We can look at the pattern in a scatterplot using the draw tool in CODAP. Click on the graph and then click on the camera icon and select open in draw tool. You then get an image of the graph that you can draw on. Select the line tool and draw in two lines, one that goes just above nearly all of the data and one that goes just below nearly all of the data. You might notice in the picture below that one data point is outside the lines. This shows the general pattern of the data, which in this case is showing that heavier All Blacks also tend to be taller and lighter All Blacks tend to be shorter. This is called a positive association and is all that students need to be looking for at this level.
By clicking on the outlying point we can see that Jordie Barrett is the person who appears to be quite a bit lighter than would be expected for his height. Students can also reflect on his position as an outside back and why this might be the case.
Students might also be interested in if the position they play is important so could drop the attribute forward or back into the middle of the graph. The following happens… PPT S10.
Students might note that forwards are generally heavier and taller than backs. They could guess as to who the back is that weighs over 110 kg and is over 1.95 m and click on the point to find that it is Sonny Bill Williams.
Investigative question Five: How are players’ total points related to their number of caps?
The point of this investigative question is to illustrate that there is often no clear association between variables. It makes intuitive sense to think that the more tests a rugby player participates in, the more points they are likely to score.
Slide 11 shows a scatterplot of the association between number of caps and number of points.
Is there a pattern in the points for this graph?
They should notice that generally the number of points is between 0 and 100 and the length of time playing does not necessarily mean more points.

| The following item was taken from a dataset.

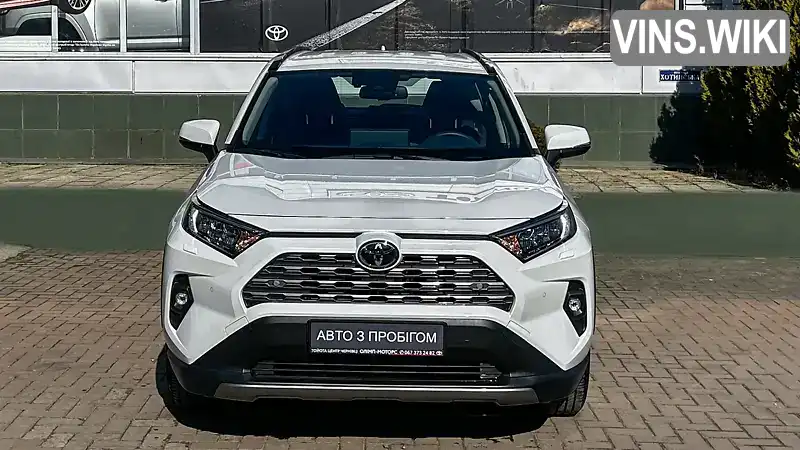 Позашляховик / Кросовер Toyota RAV4 2023 1.99 л. Автомат обл. Чернівецька, Чернівці - Фото 1/20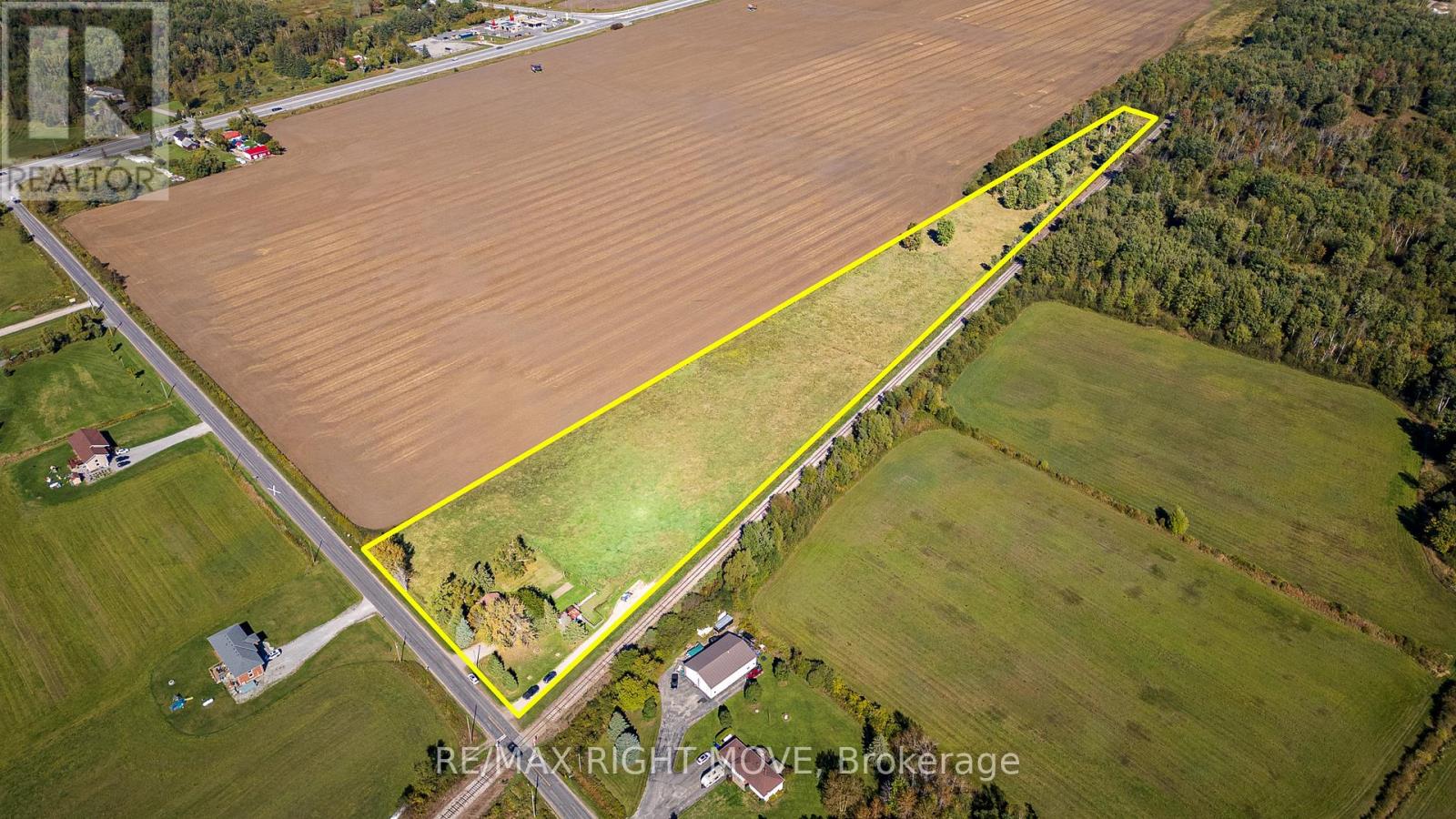 8785 10th Line, Essa, Ontario  L4M 4S4 - Photo 14 - N12435579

Who do you think is the player who has over 600 points and about 75 tests?
What position do you think this player is? What might be one of their key roles in the game?
Click on the point to find that this outlier is Beauden Barrett who scored 617 points in 77 tests.
Why does playing more tests not necessarily lead to more points?
Students who are familiar with rugby will know that most points are scored by the fly halves, who tend to be the goal kickers.
Again, we can add in another variable, e.g. position into the graph to see if it gives us anything else we can discuss about the data. This is the flexibility that using technology and software such as CODAP allows us. See PPT2 S12.
In this lesson students are encouraged to come up with a prediction about which team will win the World Cup. It is important that they use evidence, related to the variables in the data set. Note: the 2019 Rugby World Cup has gone, the data provided is for teams that were in the 2019 Rugby World Cup. You can use this data but base it on the six teams going into a tournament that we are yet to know the outcome of. Alternatively, if it is a world cup year, switch the data for the latest data from the six countries.
In this lesson students are the consumers of others’ reports and are expected to use statistical literacy to evaluate the validity of findings. From the outset it is important for students to understand that there is ‘no one correct answer’ and that different choices and combinations of variables may lead to different predictions.
PowerPoint Four has an example of a report. Focus on the questions for discussion in the speech bubbles. Pay attention to justification, and sensible use of technology to present the data.